(Items from a dataset)

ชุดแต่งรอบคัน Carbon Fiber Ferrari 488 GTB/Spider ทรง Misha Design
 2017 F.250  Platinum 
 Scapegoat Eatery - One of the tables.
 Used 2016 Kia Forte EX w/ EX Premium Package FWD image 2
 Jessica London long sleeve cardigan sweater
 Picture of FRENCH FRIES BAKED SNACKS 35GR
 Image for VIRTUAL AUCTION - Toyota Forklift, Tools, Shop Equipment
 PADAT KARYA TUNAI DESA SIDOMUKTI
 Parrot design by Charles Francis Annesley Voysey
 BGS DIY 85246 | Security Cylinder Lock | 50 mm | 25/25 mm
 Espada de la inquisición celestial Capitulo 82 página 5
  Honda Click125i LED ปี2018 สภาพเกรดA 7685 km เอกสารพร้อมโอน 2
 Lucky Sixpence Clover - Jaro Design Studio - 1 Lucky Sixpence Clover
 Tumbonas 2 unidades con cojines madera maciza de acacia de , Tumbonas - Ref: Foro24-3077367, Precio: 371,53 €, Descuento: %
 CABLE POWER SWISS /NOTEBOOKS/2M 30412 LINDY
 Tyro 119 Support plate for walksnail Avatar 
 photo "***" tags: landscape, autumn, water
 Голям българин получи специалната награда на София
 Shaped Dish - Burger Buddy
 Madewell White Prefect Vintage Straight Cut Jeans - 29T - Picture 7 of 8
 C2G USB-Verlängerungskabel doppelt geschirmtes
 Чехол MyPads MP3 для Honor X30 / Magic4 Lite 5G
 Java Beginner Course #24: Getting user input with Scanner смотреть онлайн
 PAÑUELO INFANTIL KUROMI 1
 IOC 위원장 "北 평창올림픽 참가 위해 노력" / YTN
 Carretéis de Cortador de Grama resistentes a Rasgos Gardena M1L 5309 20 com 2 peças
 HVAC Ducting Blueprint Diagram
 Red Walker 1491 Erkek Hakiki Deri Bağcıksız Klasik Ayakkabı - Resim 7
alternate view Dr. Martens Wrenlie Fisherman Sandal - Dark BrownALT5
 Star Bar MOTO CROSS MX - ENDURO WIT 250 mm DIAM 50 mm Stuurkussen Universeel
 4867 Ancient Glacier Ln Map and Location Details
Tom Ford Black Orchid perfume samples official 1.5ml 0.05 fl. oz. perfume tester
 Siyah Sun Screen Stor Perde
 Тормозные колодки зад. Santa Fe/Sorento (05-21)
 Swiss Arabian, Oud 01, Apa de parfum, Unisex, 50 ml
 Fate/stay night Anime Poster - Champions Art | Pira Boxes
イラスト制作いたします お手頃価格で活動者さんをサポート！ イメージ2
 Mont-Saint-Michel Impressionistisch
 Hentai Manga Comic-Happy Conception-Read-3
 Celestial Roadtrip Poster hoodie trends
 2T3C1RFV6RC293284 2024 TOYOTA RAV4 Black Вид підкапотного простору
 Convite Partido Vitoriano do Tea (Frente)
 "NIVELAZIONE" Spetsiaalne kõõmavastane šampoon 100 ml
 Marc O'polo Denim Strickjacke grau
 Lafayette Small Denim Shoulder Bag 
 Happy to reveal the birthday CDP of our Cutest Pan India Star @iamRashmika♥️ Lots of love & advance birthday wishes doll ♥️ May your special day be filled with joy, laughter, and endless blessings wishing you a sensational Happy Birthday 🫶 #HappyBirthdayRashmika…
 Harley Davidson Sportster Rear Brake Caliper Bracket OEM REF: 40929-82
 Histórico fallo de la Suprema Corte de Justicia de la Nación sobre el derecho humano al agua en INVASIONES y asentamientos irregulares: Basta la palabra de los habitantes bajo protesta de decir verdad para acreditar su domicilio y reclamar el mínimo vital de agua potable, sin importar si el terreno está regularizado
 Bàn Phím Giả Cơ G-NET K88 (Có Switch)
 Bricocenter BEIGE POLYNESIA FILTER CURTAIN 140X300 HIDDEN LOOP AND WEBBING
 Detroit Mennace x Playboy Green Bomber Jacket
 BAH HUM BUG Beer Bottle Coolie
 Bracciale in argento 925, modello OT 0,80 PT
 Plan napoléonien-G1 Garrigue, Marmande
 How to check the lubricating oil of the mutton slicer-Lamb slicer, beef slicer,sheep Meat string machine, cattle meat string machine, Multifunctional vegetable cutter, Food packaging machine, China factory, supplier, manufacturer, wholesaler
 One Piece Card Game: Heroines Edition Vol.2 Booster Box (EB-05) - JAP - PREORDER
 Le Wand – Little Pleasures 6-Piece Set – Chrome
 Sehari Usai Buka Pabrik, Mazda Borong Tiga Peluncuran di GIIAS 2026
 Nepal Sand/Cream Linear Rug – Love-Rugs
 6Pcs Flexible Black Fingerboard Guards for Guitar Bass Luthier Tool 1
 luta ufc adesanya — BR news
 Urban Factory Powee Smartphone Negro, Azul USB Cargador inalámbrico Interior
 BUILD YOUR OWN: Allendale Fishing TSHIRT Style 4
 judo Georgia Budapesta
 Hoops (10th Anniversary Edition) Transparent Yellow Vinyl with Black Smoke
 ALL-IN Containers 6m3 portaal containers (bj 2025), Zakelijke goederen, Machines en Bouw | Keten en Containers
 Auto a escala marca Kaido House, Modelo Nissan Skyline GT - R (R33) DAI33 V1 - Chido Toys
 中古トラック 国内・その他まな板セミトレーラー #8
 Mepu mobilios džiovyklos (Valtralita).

> _EXERCISE AIM_
Transcribe only, please, the lines from the first line of the records through the line with "alternate view Dr.". Both of those lines are included.

> _TASK ANSWER_
ชุดแต่งรอบคัน Carbon Fiber Ferrari 488 GTB/Spider ทรง Misha Design
 2017 F.250  Platinum 
 Scapegoat Eatery - One of the tables.
 Used 2016 Kia Forte EX w/ EX Premium Package FWD image 2
 Jessica London long sleeve cardigan sweater
 Picture of FRENCH FRIES BAKED SNACKS 35GR
 Image for VIRTUAL AUCTION - Toyota Forklift, Tools, Shop Equipment
 PADAT KARYA TUNAI DESA SIDOMUKTI
 Parrot design by Charles Francis Annesley Voysey
 BGS DIY 85246 | Security Cylinder Lock | 50 mm | 25/25 mm
 Espada de la inquisición celestial Capitulo 82 página 5
  Honda Click125i LED ปี2018 สภาพเกรดA 7685 km เอกสารพร้อมโอน 2
 Lucky Sixpence Clover - Jaro Design Studio - 1 Lucky Sixpence Clover
 Tumbonas 2 unidades con cojines madera maciza de acacia de , Tumbonas - Ref: Foro24-3077367, Precio: 371,53 €, Descuento: %
 CABLE POWER SWISS /NOTEBOOKS/2M 30412 LINDY
 Tyro 119 Support plate for walksnail Avatar 
 photo "***" tags: landscape, autumn, water
 Голям българин получи специалната награда на София
 Shaped Dish - Burger Buddy
 Madewell White Prefect Vintage Straight Cut Jeans - 29T - Picture 7 of 8
 C2G USB-Verlängerungskabel doppelt geschirmtes
 Чехол MyPads MP3 для Honor X30 / Magic4 Lite 5G
 Java Beginner Course #24: Getting user input with Scanner смотреть онлайн
 PAÑUELO INFANTIL KUROMI 1
 IOC 위원장 "北 평창올림픽 참가 위해 노력" / YTN
 Carretéis de Cortador de Grama resistentes a Rasgos Gardena M1L 5309 20 com 2 peças
 HVAC Ducting Blueprint Diagram
 Red Walker 1491 Erkek Hakiki Deri Bağcıksız Klasik Ayakkabı - Resim 7
alternate view Dr. Martens Wrenlie Fisherman Sandal - Dark BrownALT5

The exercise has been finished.